Deep Dive: G5C02
The correct answer is A: The input voltage is multiplied by 4. If an input signal is applied to the secondary winding of a 4:1 voltage step-down transformer instead of the primary winding, the input voltage is multiplied by 4. A 4:1 step-down transformer (primary:secondary = 4:1) becomes a 1:4 step-up transformer when reversed (secondary:primary = 1:4, which is 4:1 step-up). For amateur radio operators, this explains transformer reversibility. Understanding this helps when using transformers.

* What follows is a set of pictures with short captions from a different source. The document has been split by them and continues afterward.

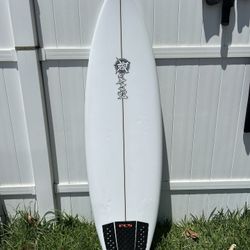Rumener Surfboard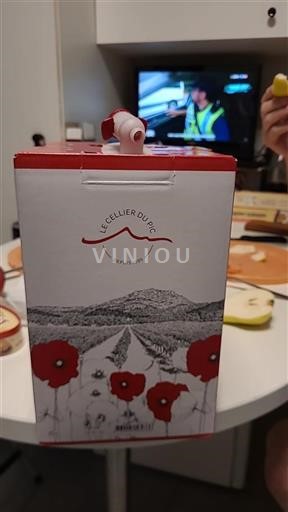 Linguadoca Non specificato Le Cellier du Pic Senza annata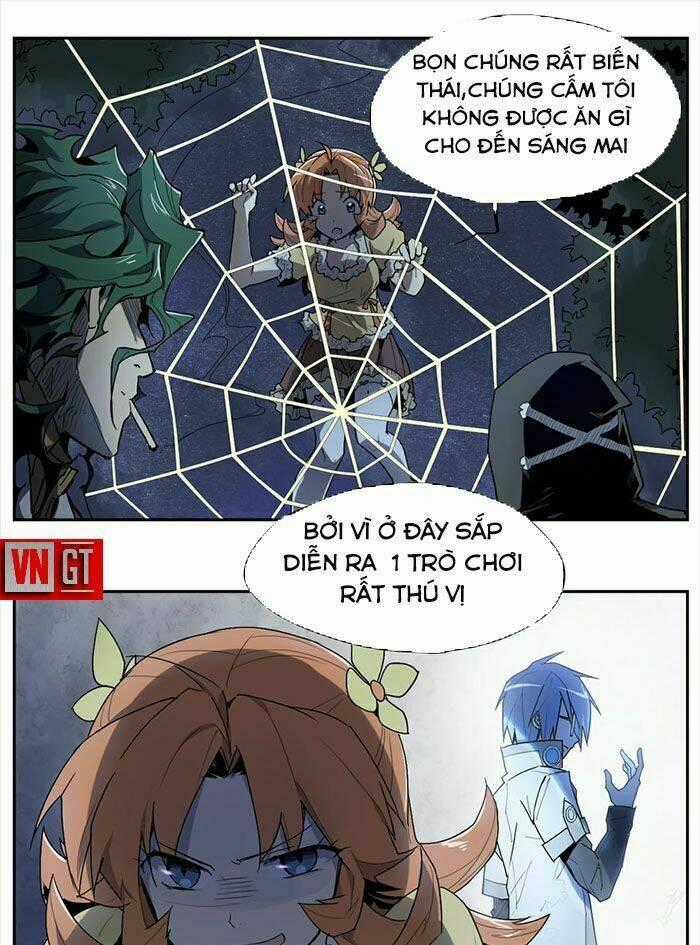 Làm Cách Nào Để Trở Lại Làm Thần Chapter 19 trang 10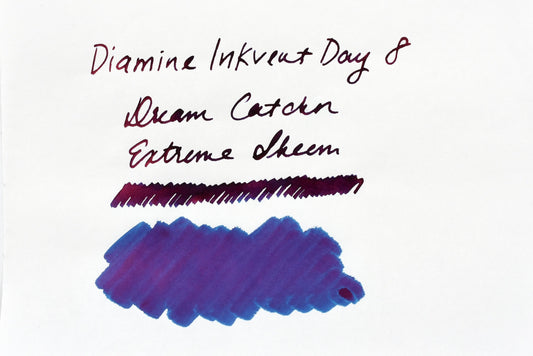 Diamine Teal Edition - Extreme Sheen - Dream Catcher (Coming Soon)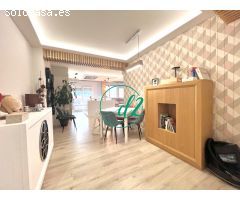 SINTECD2 VENDE: LUMINOSO PISO REFORMADO EN EN CENTRO DE LA CIUDAD. REF 1319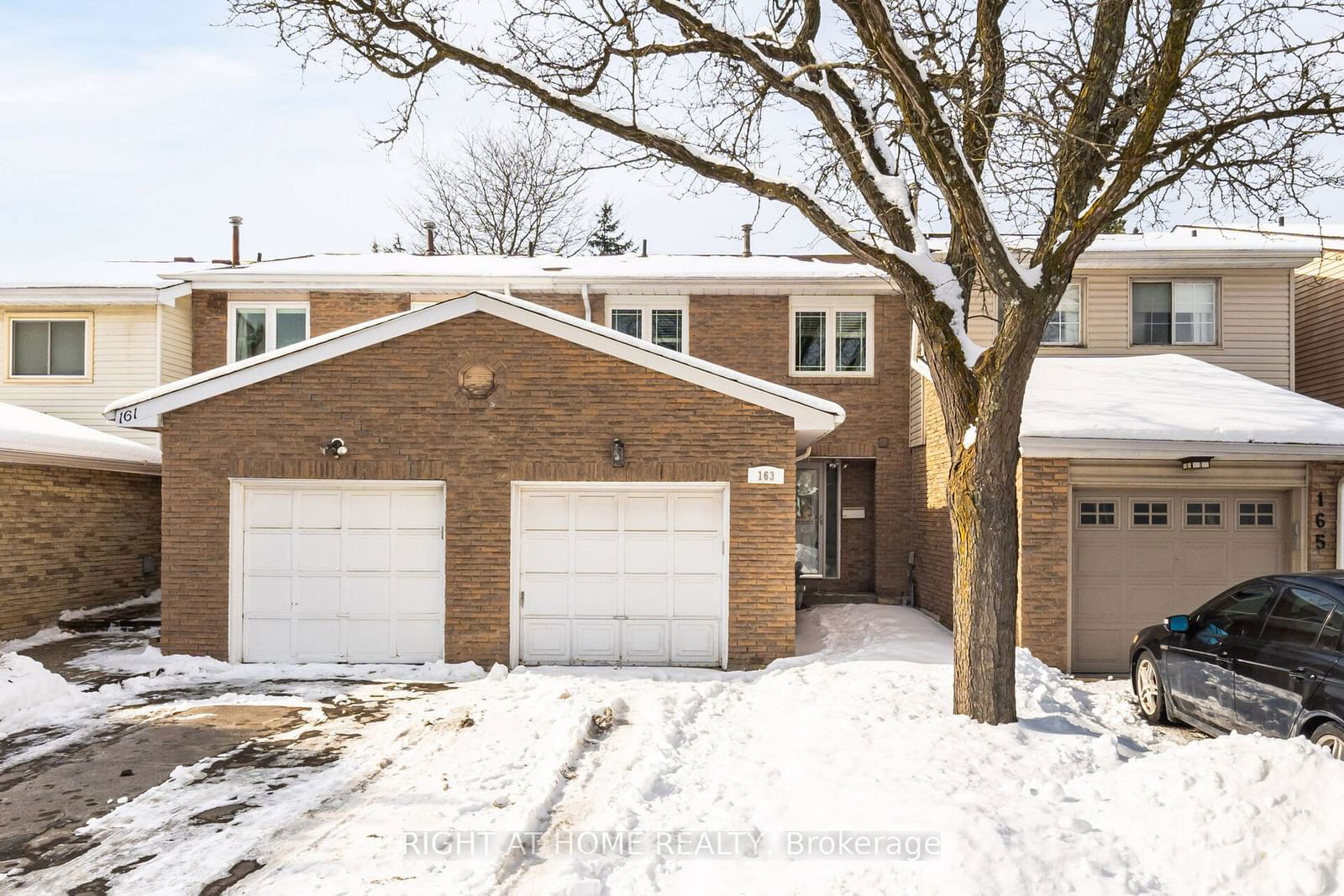 Townhouse for sale at 163 Tamarack Drive, Markham, Aileen-Willowbrook, L3T 4X3 - MLS: N11975241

Why Other Answers Are Wrong
Option B: Incorrect. Input voltage isn't divided by 4 - when reversed, a 4:1 step-down becomes a 4:1 step-up, so voltage is multiplied, not divided. Option C: Incorrect. Additional resistance in series with primary isn't needed - the transformer works in reverse without additional resistance. Resistance isn't the issue. Option D: Incorrect. Additional resistance in parallel with secondary isn't needed - the transformer works in reverse without additional resistance. Resistance isn't the issue.
Exam Tip
4:1 step-down reversed = input voltage multiplied by 4. Think '4':1 step-down reversed = '4'× step-up. A 4:1 step-down (primary:secondary = 4:1) becomes 4:1 step-up when reversed (secondary:primary = 1:4 = 4:1 step-up). Not divided, not resistance needed - just multiplied.
Memory Aid
4:1 step-down reversed = input voltage multiplied by 4. Think '4':1 step-down reversed = '4'× step-up. Transformer ratio reverses when input/output are swapped. Transformers work in both directions.
Real-World Example
A 4:1 step-down transformer (primary 4 turns, secondary 1 turn). If you apply input to the secondary (1 turn) and take output from the primary (4 turns), it becomes a 4:1 step-up transformer. 120V input becomes 480V output (multiplied by 4). Transformers work in both directions.
Source & Coverage
Question Pool: 2023-2027 Question Pool
Subelement: G5C
Reference: 2023-2027 Question Pool · G5 - Electrical Principles
Key Concepts
Verified Content
Question from the official FCC General Class pool. Explanation reviewed by licensed amateur radio operators and mapped to the G5C topic.